Difference between Flush & sending data out in AMBA ATB?

73 Views Asked by At

I am new to AMBA ATB protocol and trying to understand it.

I found that Transmitter can send the trace data to the receiver using Data signals,

  • ATBYTES
  • ATDATA
  • ATID
  • ATREADY
  • ATVALID

There is another feature called Buffer flush to remove the trace data from the transmitter source . This is initiated by Receiver by asserting AFVALID. So my doubt is,

  1. What's the difference between 2 approaches? Does data be retained in FIFO in the first approach?
  2. Since the FIFO is inside transmitter , how can receiver decide on when to flush?
1

There are 1 best solutions below

0
artless noise On

There are some confusing aspect.

Signalling interface

The 'transmitter' is a peripheral. The receiver is a controller or bus master. It is important to note that the controller initiates all consumption over the ATB.

What is data?

What the flush is referring to? It does not refer to the peripheral data (ie device data, like ethernet, comm port, etc). It refers to trace buffer data. The peripheral may not report events immediately as they are read by the controller. If several events occur, a trace data buffer is desired.

Answers

What's the difference between 2 approaches? Does data be retained in FIFO in the first approach?

FLUSH discards all data; more efficient than reading out and discarding.

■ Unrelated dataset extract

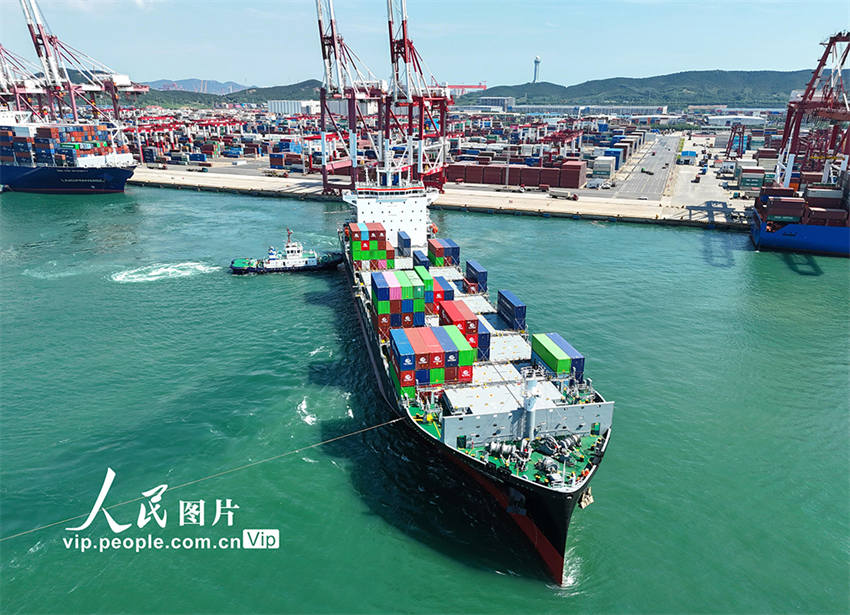 Shangdong: porto de Qingdao abre 10 rotas ao longo dos países membros da iniciativa Cinturão e Rota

Both approaches will empty any FIFO.

Since the FIFO is inside transmitter , how can receiver decide on when to flush?

The trace data is related to the operation of the peripheral. The controller always initiate use of the peripheral. If there is old stale trace data from prior use, the controller can flush it. The use case is up to the controller. The controller may have it's own buffers (of both trace data and peripheral data), but this management is outside the interface. It is up to the controller (typically a CPU; or ultimately driven by some CPU).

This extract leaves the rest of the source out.